The Lapidus Center for the Historical Analysis of Transatlantic Slavery at the Schomburg Center for Research in Black Culture is happy to announce the three finalists for the 2020 Harriet Tubman Prize, which awards $7,500 to the best nonfiction book published in the United States on the slave trade, slavery, and anti-slavery in the Atlantic World.
A jury of librarians and scholars selected the three outstanding finalists:
Stolen: Five Free Boys Kidnapped into Slavery and Their Astonishing Odyssey Home (Simon & Schuster) by Richard Bell, professor of history, University of Maryland
Philadelphia, 1825: five young, free Black boys fall into the clutches of the most fearsome gang of kidnappers and slavers in the United States. Lured onto a small ship with the promise of food and pay, they are instead met with blindfolds, ropes, and knives. Over four long months, their kidnappers drive them overland into the Cotton Kingdom to be sold as slaves. Determined to resist, the boys form a tight brotherhood as they struggle to free themselves and find their way home. Their ordeal—an odyssey that takes them from the Philadelphia waterfront to the marshes of Mississippi and then onward still—shines a glaring spotlight on the Reverse Underground Railroad, a black market network of human traffickers and slave traders who stole away thousands of legally free African Americans from their families in order to fuel slavery’s rapid expansion in the decades before the Civil War. Impeccably researched and breathlessly paced, historian Richard Bell tells the incredible story of five boys whose courage forever changed the fight against slavery in America.
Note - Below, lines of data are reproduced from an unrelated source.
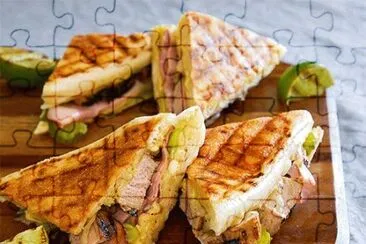 Sandwich jigsaw puzzle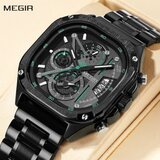 Megir 2217 black muški sat Cene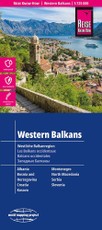 Reise Know-How Landkarte Westliche Balkanregion / Western Balkans (1:725.000)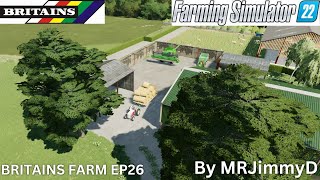 Farming Simulator 22  Britains Farm  Episode 26 Lets Play  The bales stack up [upl. by Weiler]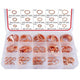 150 PCS Copper Crush Washer Gasket Set Flat O Ring Seal Assortment Kit M5 to M22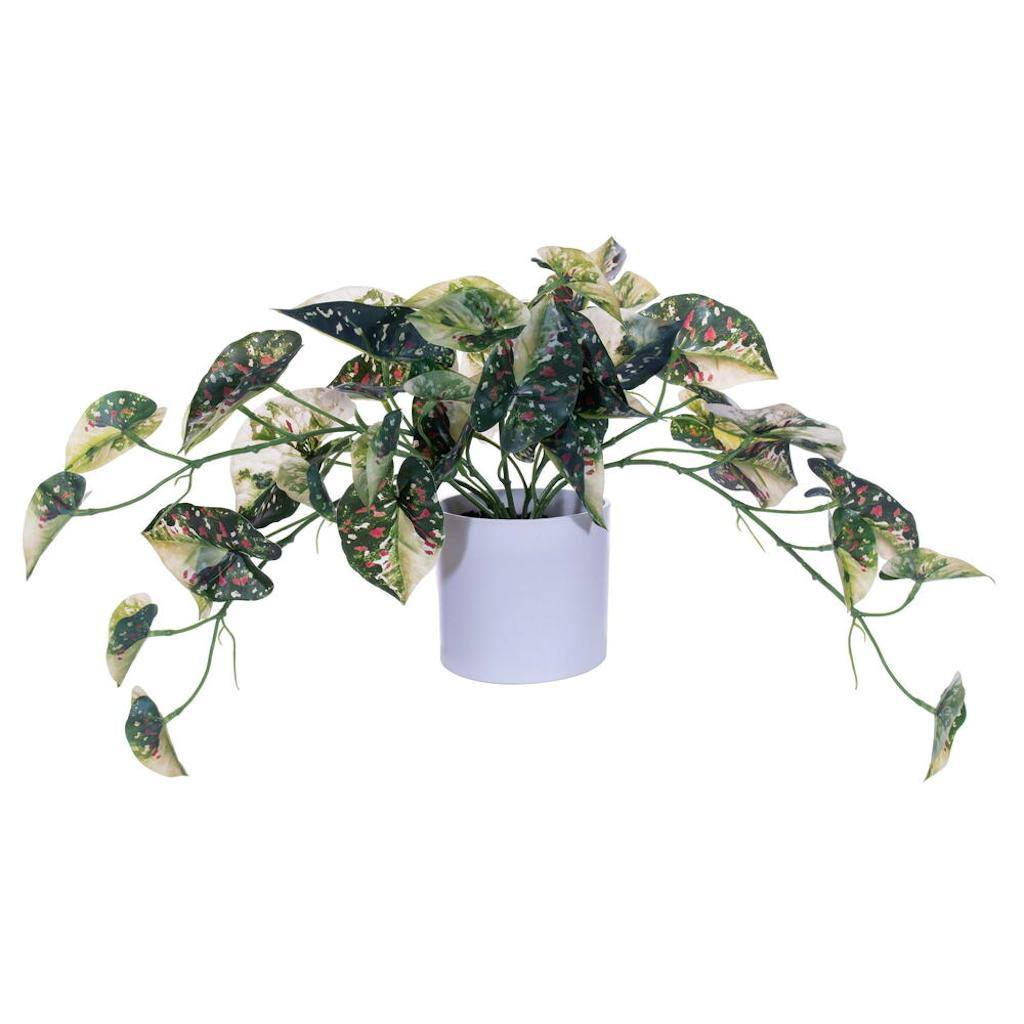 11.5" Artificial Green Leaves in Pot (2 Pack) 1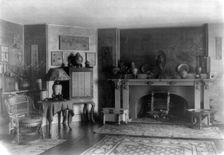 "Pre`s Choisis," Albert Herter house, Georgica Pond, East Hampton, New York., 1913. Creator: Frances Benjamin Johnston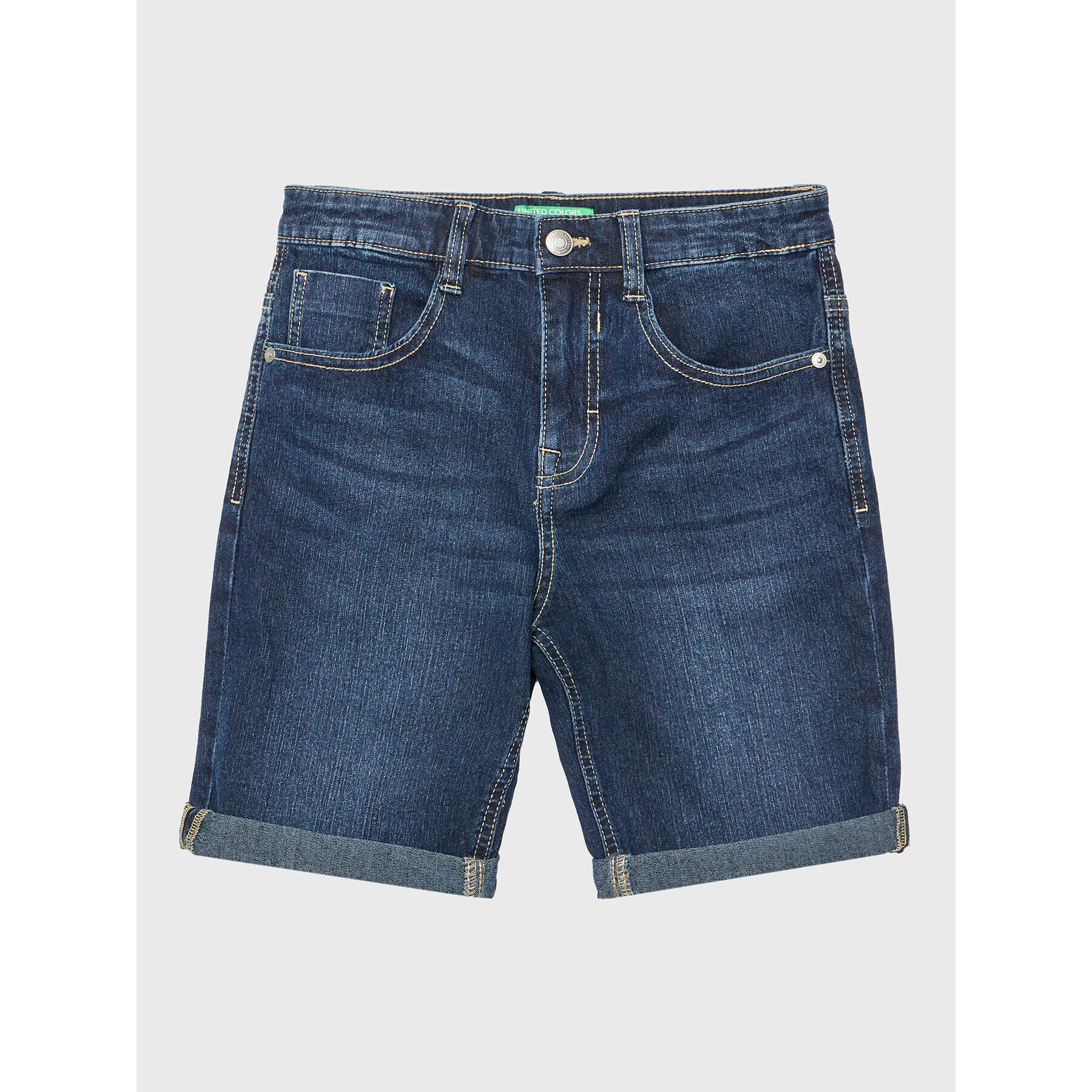 United Colors Of Benetton Farmer rövidnadrág 4XA2C9013 Sötétkék Slim Fit - Pepit.hu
They Were Her Property: White Women as Slave Owners in the American South (Yale University Press) by Stephanie E. Jones-Rogers, associate professor of history, UC Berkeley
Bridging women’s history, the history of the South, and African American history, this book makes a bold argument about the role of white women in American slavery. Historian Stephanie E. Jones-Rogers draws on a variety of sources to show that slave-owning women were sophisticated economic actors who directly engaged in and benefited from the South’s slave market. Because women typically inherited more slaves than land, enslaved people were often their primary source of wealth. Not only did white women often refuse to cede ownership of their slaves to their husbands, they employed management techniques that were as effective and brutal as those used by slave-owning men. White women actively participated in the slave market, profited from it, and used it for economic and social empowerment. By examining the economically entangled lives of enslaved people and slave†‘owning women, Jones-Rogers presents a narrative that forces us to rethink the economics and social conventions of slaveholding America
Standard-Bearers of Equality: America’s First Abolition Movement (University of North Carolina Press) by Paul J. Polgar, assistant professor of history, University of Mississippi
In Standard-Bearers of Equality, Paul Polgar recovers the racially inclusive vision of America’s first abolition movement. In showcasing the activities of the Pennsylvania Abolition Society, the New York Manumission Society, and their African American allies during the post-Revolutionary and early national eras, he unearths this coalition’s comprehensive agenda for black freedom and equality. By guarding and expanding the rights of people of African descent and demonstrating that Black Americans could become virtuous citizens of the new Republic, these activists, whom Polgar names “first movement abolitionists,” sought to end white prejudice and eliminate racial inequality. Beginning in the 1820s, however, colonization threatened to eclipse this racially inclusive movement. Colonizationists claimed that what they saw as permanent black inferiority and unconquerable white prejudice meant that slavery could end only if those freed were exiled from the United States. In pulling many reformers into their orbit, this radically different antislavery movement marginalized the activism of America’s first abolitionists and obscured the racially progressive origins of American abolitionism that Polgar now recaptures. By reinterpreting the early history of American antislavery, Polgar illustrates that the late eighteenth and early nineteenth centuries are as integral to histories of race, rights, and reform in the United States as the mid-nineteenth century.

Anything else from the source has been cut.